TwinFlow: Realizing One-step Generation on Large Models with Self-adversarial Flows

Recent advances in large multi-modal generative models have demonstrated impressive capabilities in multi-modal generation, including image and video generation. These models are typically built upon multi-step frameworks like diffusion and flow matching, which inherently limits their inference efficiency (requiring 40-100 Number of Function Evaluations (NFEs)). While various few-step methods aim to accelerate the inference, existing solutions have clear limitations. Prominent distillation-based methods, such as progressive and consistency distillation, either require an iterative distillation procedure or show significant degradation at very few steps (< 4-NFE).
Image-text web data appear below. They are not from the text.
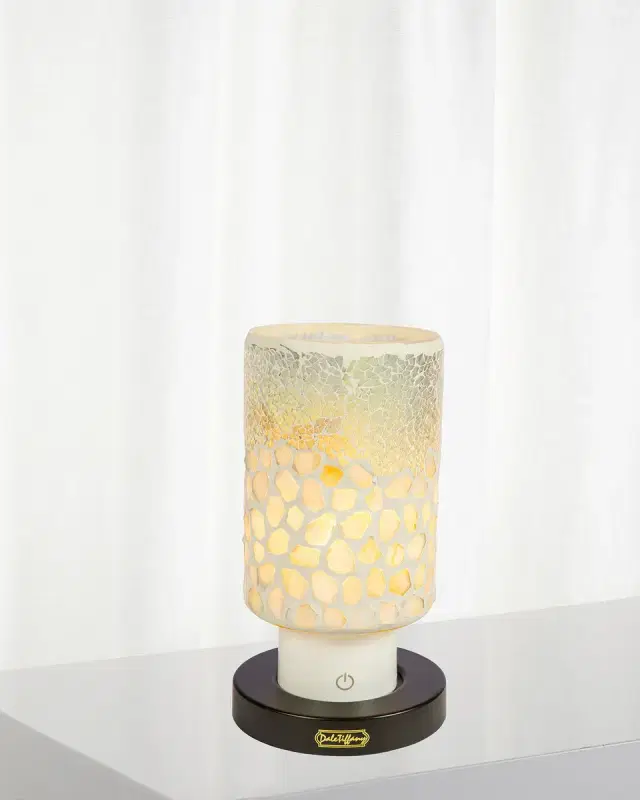 Dale Tiffany Alps Mosaic 8.5" Rechargeable Wireless Accent Lamp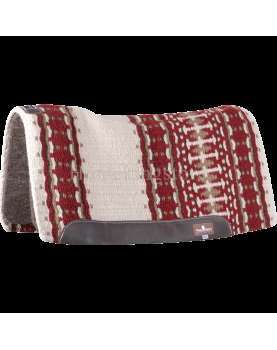 3/4 CONTOUR WOOL TOP ALPACA PAD 34 X 38 Classic Equine Ivoire Crimson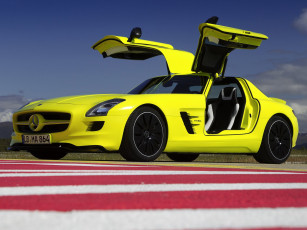 Картинка автомобили mercedes benz sls amg gullwing doors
Meanwhile, integrating adversarial training into distillation (e.g., DMD/DMD2 and SANA-Sprint) to enhance performance introduces training instability, added complexity, and high GPU memory overhead due to the auxiliary trained models. To this end, we propose TwinFlow, a simple yet effective framework for training 1-step generative models that bypasses the need of fixed pretrained teacher models and avoids standard adversarial networks during training, making it ideal for building large-scale, efficient models. On text-to-image tasks, our method achieves a GenEval score of 0.83 in 1-NFE, outperforming strong baselines like SANA-Sprint (a GAN loss-based framework) and RCGM (a consistency-based framework). Notably, we demonstrate the scalability of TwinFlow by full-parameter training on Qwen-Image-20B and transform it into an efficient few-step generator. With just 1-NFE, our approach matches the performance of the original 100-NFE model on both the GenEval and DPG-Bench benchmarks, reducing computational cost by $100\times$ with minor quality degradation. Project page is available at https://zhenglin-cheng.com/twinflow.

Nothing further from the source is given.